Common Core State Standards
About This Topic
The modern American presidency exercises powers that the Founders could not have fully anticipated. Students trace how executive power expanded through the 20th and 21st centuries: the growth of the administrative state, the assertion of executive privilege, the use of executive orders and proclamations to make policy unilaterally, and the development of executive agreements as alternatives to Senate-ratified treaties. Key cases include FDR's New Deal programs, Truman's Korea intervention, Nixon's impoundment of funds, and the post-9/11 expansion of executive surveillance authority.
The constitutional basis for this expansion is contested. Students examine the unitary executive theory, which holds that the President has broad inherent authority over the executive branch, alongside structural arguments that Congress has ceded too much authority to the executive through broad delegations. Supreme Court cases including Youngstown Sheet & Tube Co. v. Sawyer and INS v. Chadha provide foundational frameworks for analyzing when executive action exceeds constitutional limits.
Active learning works well here because the question of appropriate presidential power is genuinely contested, with real stakes for democratic accountability. Structured debates and case study analysis develop the constitutional reasoning skills students need to evaluate specific claims about executive authority.
Learning Objectives
- Analyze the historical factors that led to the expansion of presidential power in the 20th and 21st centuries.

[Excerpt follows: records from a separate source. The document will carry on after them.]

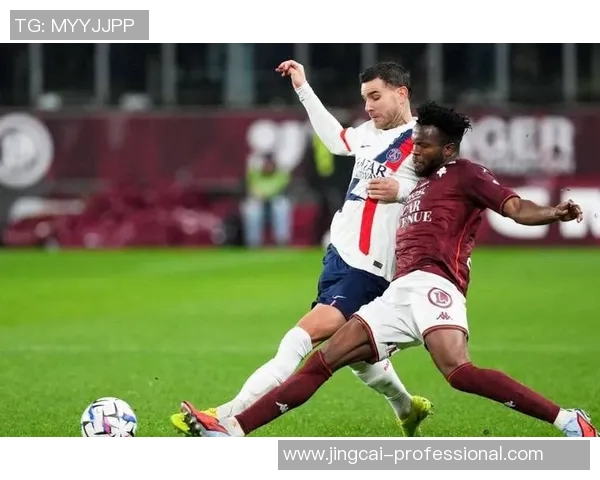 世界杯惊天冷门巴黎圣日耳曼大胜里昂红牌事件引发全场热议 世界杯惊天冷门巴黎圣日耳曼大胜里昂红牌事件引发全场热议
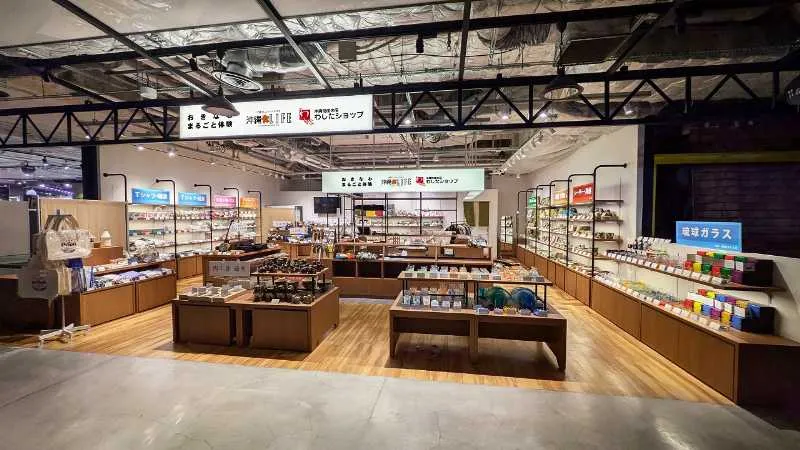 「わしたショップリンクスウメダ店 おきなわまるごと体験売り場」の様子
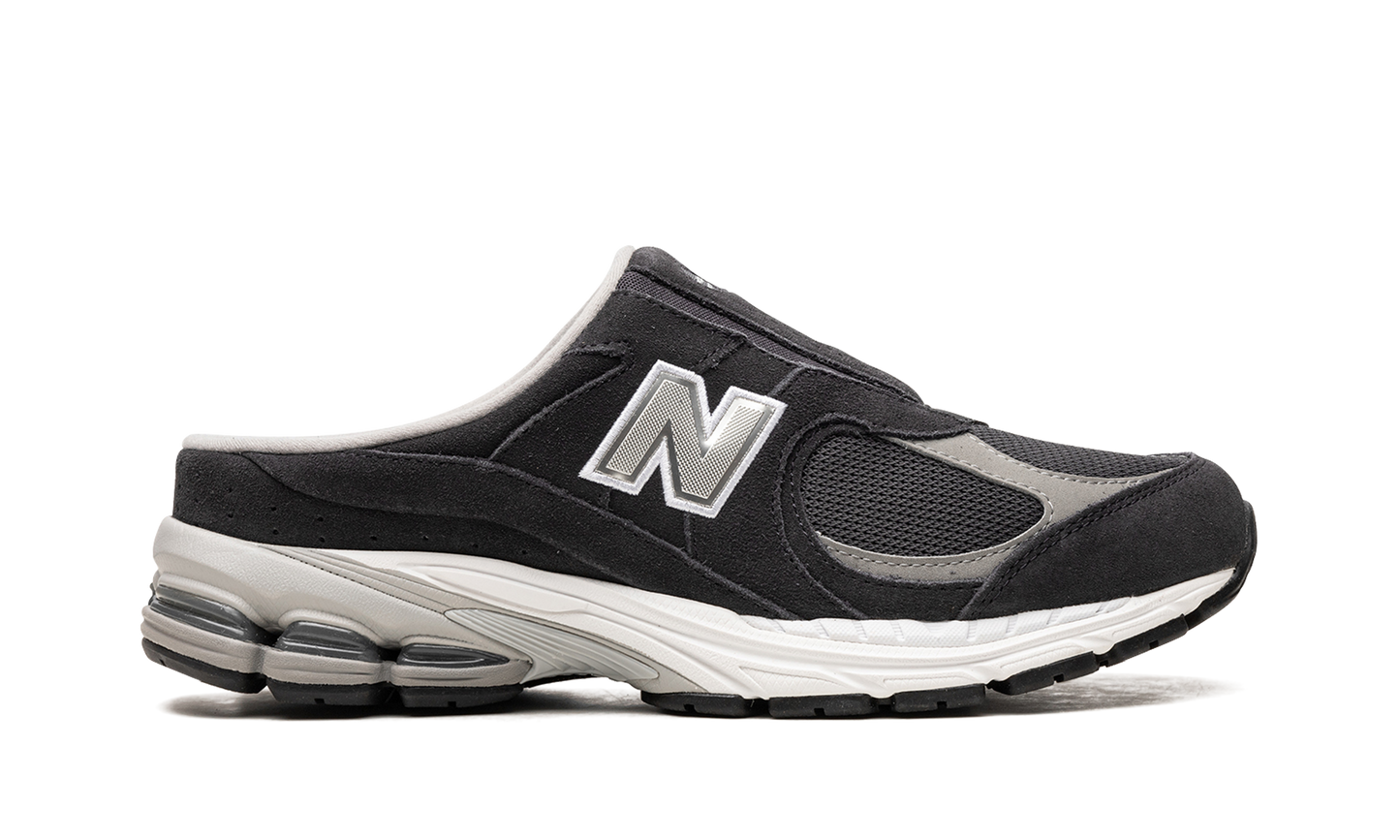 2002R Mule "Phantom" M2002RMC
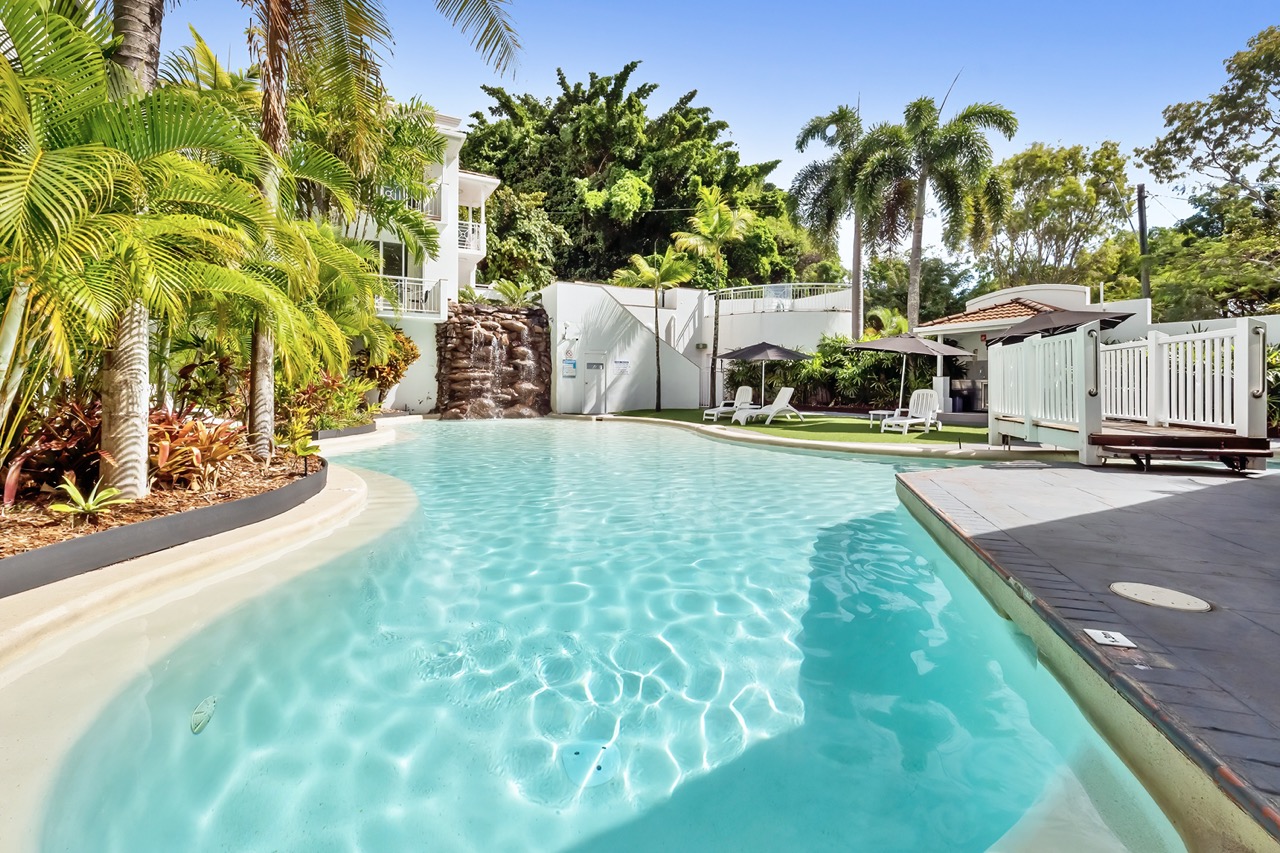 Alassio Absolute Beachfront 2 Bedroom 301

- Evaluate the constitutional arguments for and against the unitary executive theory.
- Compare and contrast the use of executive orders and executive agreements in presidential policymaking.
- Critique the balance of power between the President and Congress in contemporary US government, citing specific examples.
- Synthesize information from Supreme Court cases like Youngstown Sheet & Tube Co. v. Sawyer to assess the limits of executive authority.
Before You Start
Why: Students need a solid understanding of the distinct roles and powers of the legislative, executive, and judicial branches to analyze the expansion of executive authority.
Why: Understanding the original intent and limitations placed on the presidency by the Founders provides essential context for tracing the growth of executive power.
Key Vocabulary
| Executive Order | A directive issued by the President of the United States to federal agencies that manages operations of the federal government. These orders have the force of law. |
| Unitary Executive Theory | A theory of American constitutional law holding that the President possesses the power to control the entire executive branch. This theory suggests broad inherent presidential authority. |
| Executive Agreement | An international agreement made by the executive branch of the U.S. government with foreign governments, without ratification by the Senate. It is distinct from a treaty. |
| Delegation of Power | The act of Congress granting authority to the executive branch or administrative agencies to make rules and decisions in specific areas, often a point of contention regarding presidential power. |
| Executive Privilege | The right of the President and other high-level executive branch officers to withhold information from Congress, the courts, and the public in certain circumstances. |
Active Learning Ideas
See all activitiesCase Study Analysis: Executive Orders Through History
Groups receive the texts and contexts of four significant executive orders (FDR's Japanese American internment order, Truman's desegregation of the military, Obama's DACA order, Trump's travel ban). They analyze each using Justice Jackson's Youngstown framework, categorizing the presidential action and evaluating its legal and democratic legitimacy.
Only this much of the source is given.